Hymn 604: "When Christ was lifted from the earth"

I'll never forget the first time I sang the hymn tune San Rocco. It was at a Choral Evensong sung by the choir of Hereford Cathedral in October 2002 at Trinity Episcopal Cathedral in Cleveland, Ohio.
There was a lot to remember about this service: the singing was fabulous, the Psalm was beautifully chanted, the liturgy was seamlessly conducted and very dignified.

But the thing I remember the most clearly was the final hymn. As I sang, I was swept up in the drama of the music, which paired so well with the words we were singing: "When Christ was lifted from the earth."

And part and parcel of the drama I was experiencing was this viscerally propulsive two-bar interlude that comes out of one stanza and leads seamlessly back into the next.

Embellishing the space around the break in the stanzas is a modern hymn tune trope that began with the pedal thumpery of Charles Villiers Stanford's Engelberg (see Hymn 296: "We know that Christ is raised"). It's a quest to eliminate the amorphous pause between stanzas (the organist's perpetual necessity and dilemma) and offer a musical unification of the poetry that is (mostly) whole. Ralph Vaughan Williams copied the pedal thump with his famous tune Sine nomine (Hymn 287: "For all the saints").

Herbert Howells tried another version of the same technique in his marvelous hymn tune Sancta Civitas (Hymn 582: "O Holy City seen of John"), though sadly his two-note interlude was omitted by the editors of the Hymnal 1982.

But let's return to reason for a longer interlude in San Rocco, the "richly textured, thoroughly modern tune," with its sweeping ascents and audacious range. It defies gravity a bit, this tune. And maybe that's what that interlude is about. The hymn tune itself is so bold that it needs something else a bit more weighty to bind it to earth before it goes soaring through the air once again like an exuberant albatross. It's touching base, perhaps.

I've learned that The Hymnal 1982 can slightly sanitize some of the more pioneering elements in modern hymnody. I wonder if the hymnal's "optional" designation for this interlude is a good idea. Because, at least for me for me, this interlude is part of the whole experience.

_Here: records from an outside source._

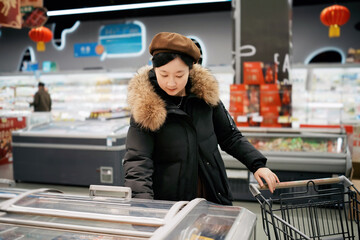 Woman Shopping at Supermarket with Shopping Cart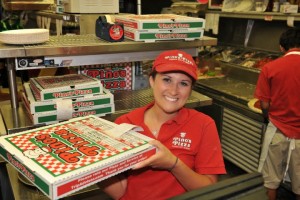 woman worker of Pino's Pizza holding box of Pino's Pizza of OCMD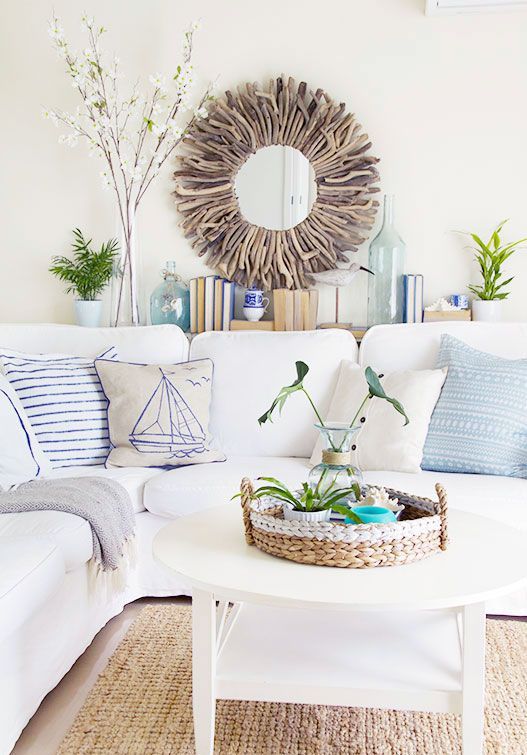 a welcoming beach living room with a white sofa, a basket for accessories and a driftwood mirror
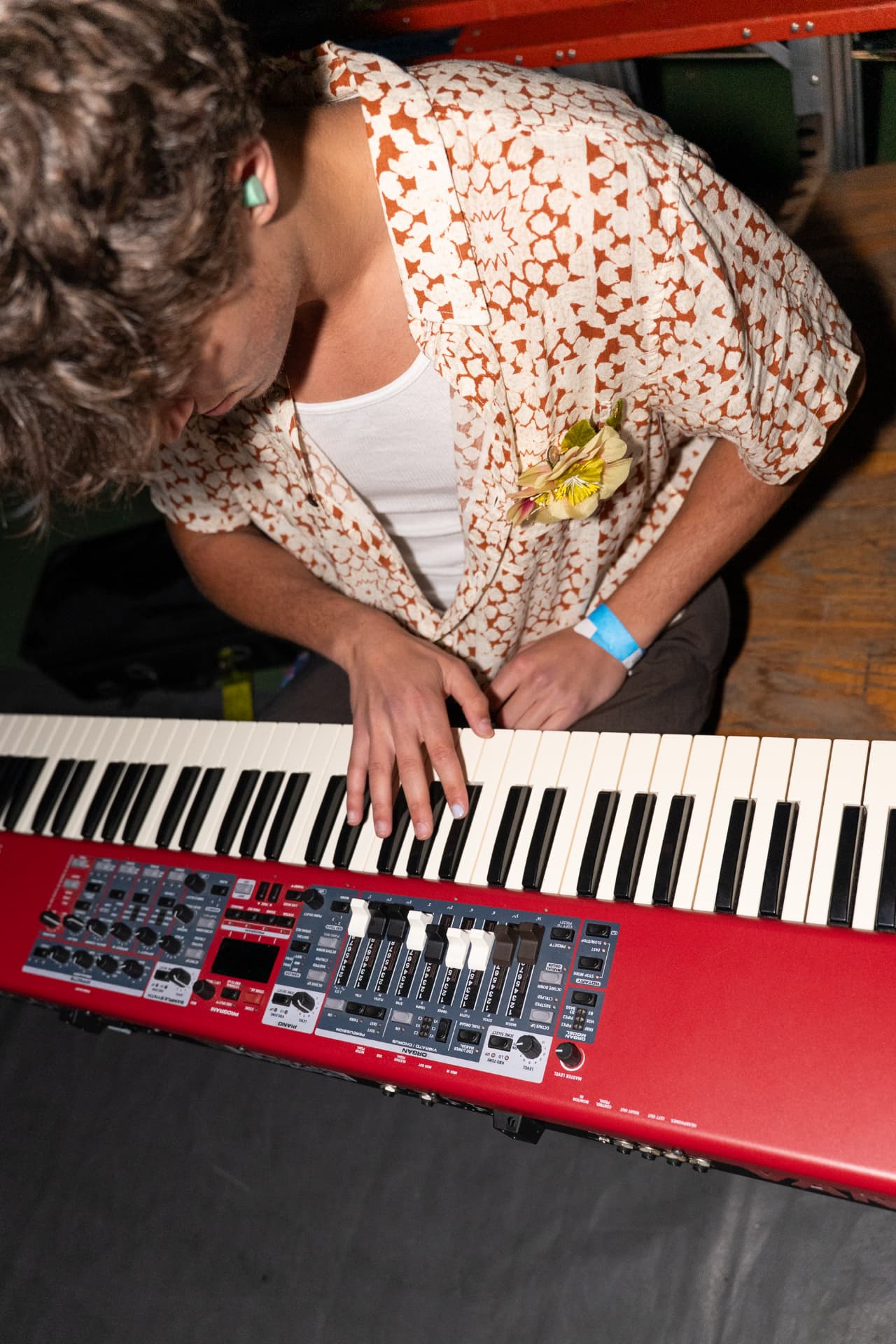 Overhead view of a keyboardist playing a Nord stage piano
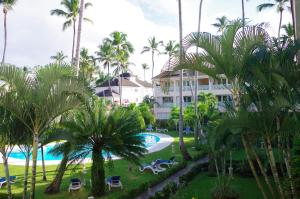 a view of a resort with palm trees and a pool at Little paradise in middle of beautiful beaches! in Las Terrenas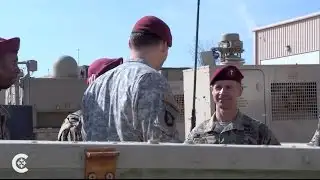 Chaplain marches with troops and inspires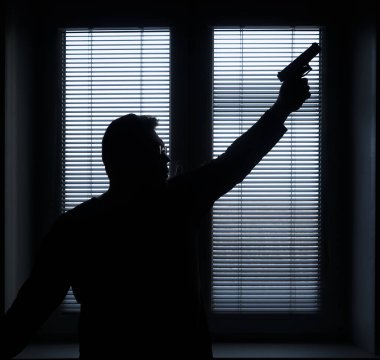A man with a gun is standing by the window blind, ready to protect himself from another bad people, crime scene conceptual. silhouette of an armed man behind blinds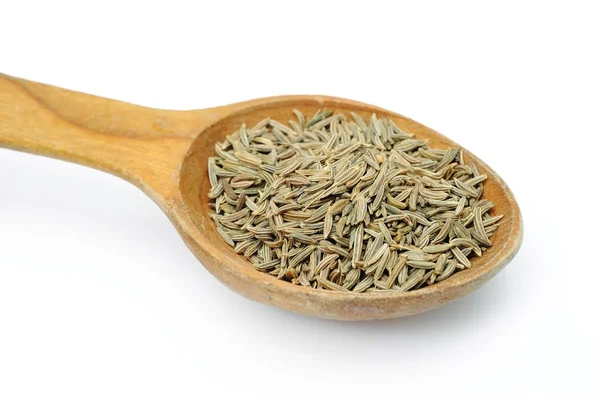 Cumin seeds in a spoon — Stock Photo, Image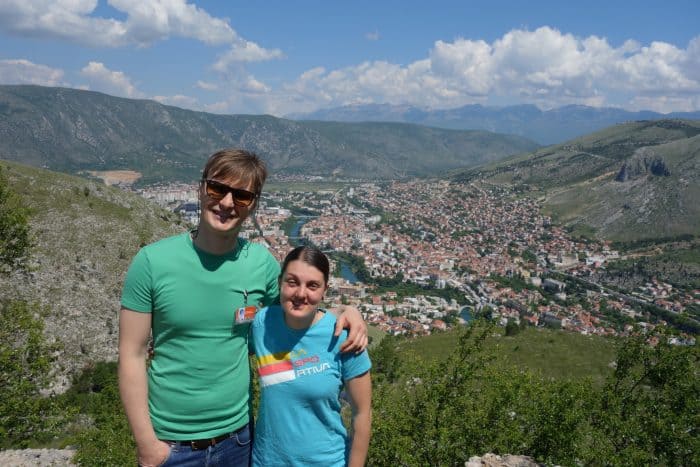 Mostar: Discovering the scars of the war that rocked Bosnia. The bombed out buildings that remain, Bosnia and Herzegovina, Bombed out buildings, sniper towner, exploring the sniper tower, how to get in, is it safe, mountains, cross, view from sniper tower, bullet holes, yugoslavia, balkan war, siege, fighting, croats, serbs, bosnians, muslims, front line, history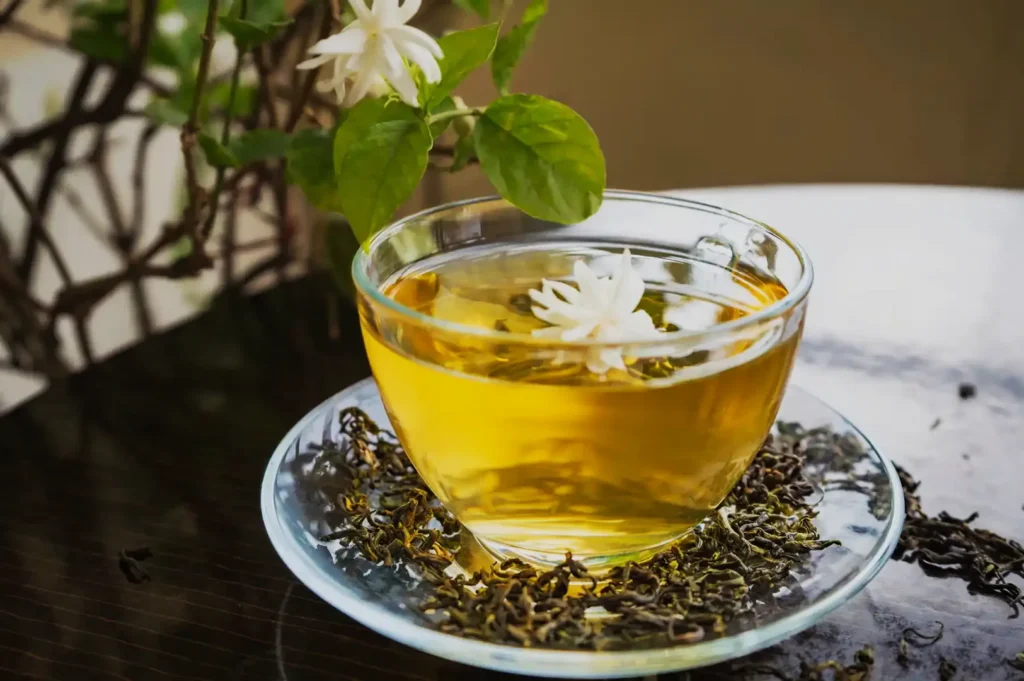 A clear glass cup of golden jasmine tea, topped with white blossoms, rests on a saucer of loose tea leaves beside fresh green foliage, creating a calm mood.
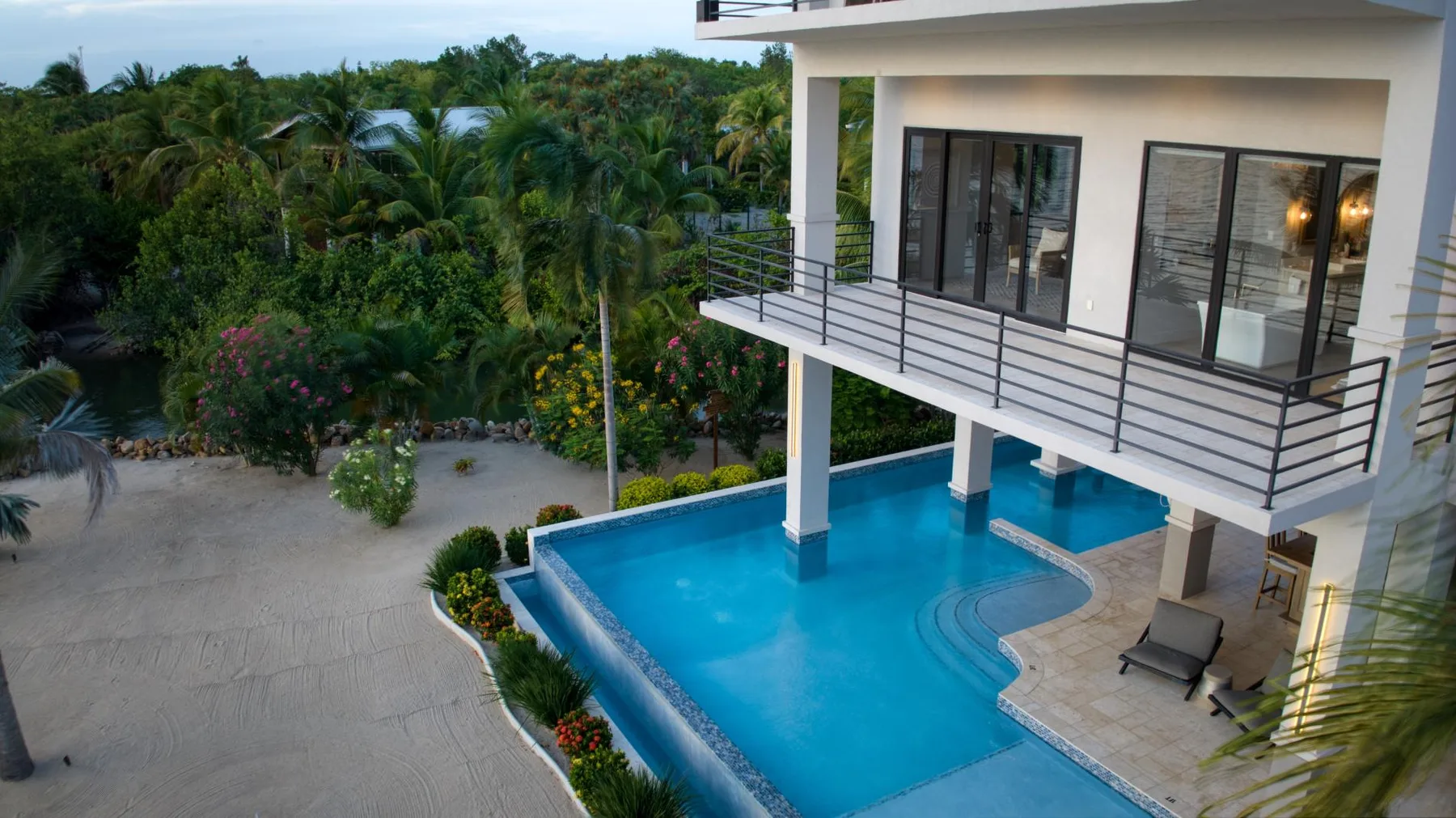 A modern building overlooks a blue swimming pool and lush tropical greenery.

Interludes are relatively rare in our hymn tunes — but should they be? Hymns are poems, and the ideas from one stanza are often carried over into the next. Having the music continue between the stanzas can heighten our appreciation for poetic unity within the hymns we sing.

Whichever hymns we sing this Sunday, and however we sing them, I hope we can appreciate the gifts of poets and composers who enable us to share these great pieces of sacred music.

And who knows! Someone just might have an experience they will never forget.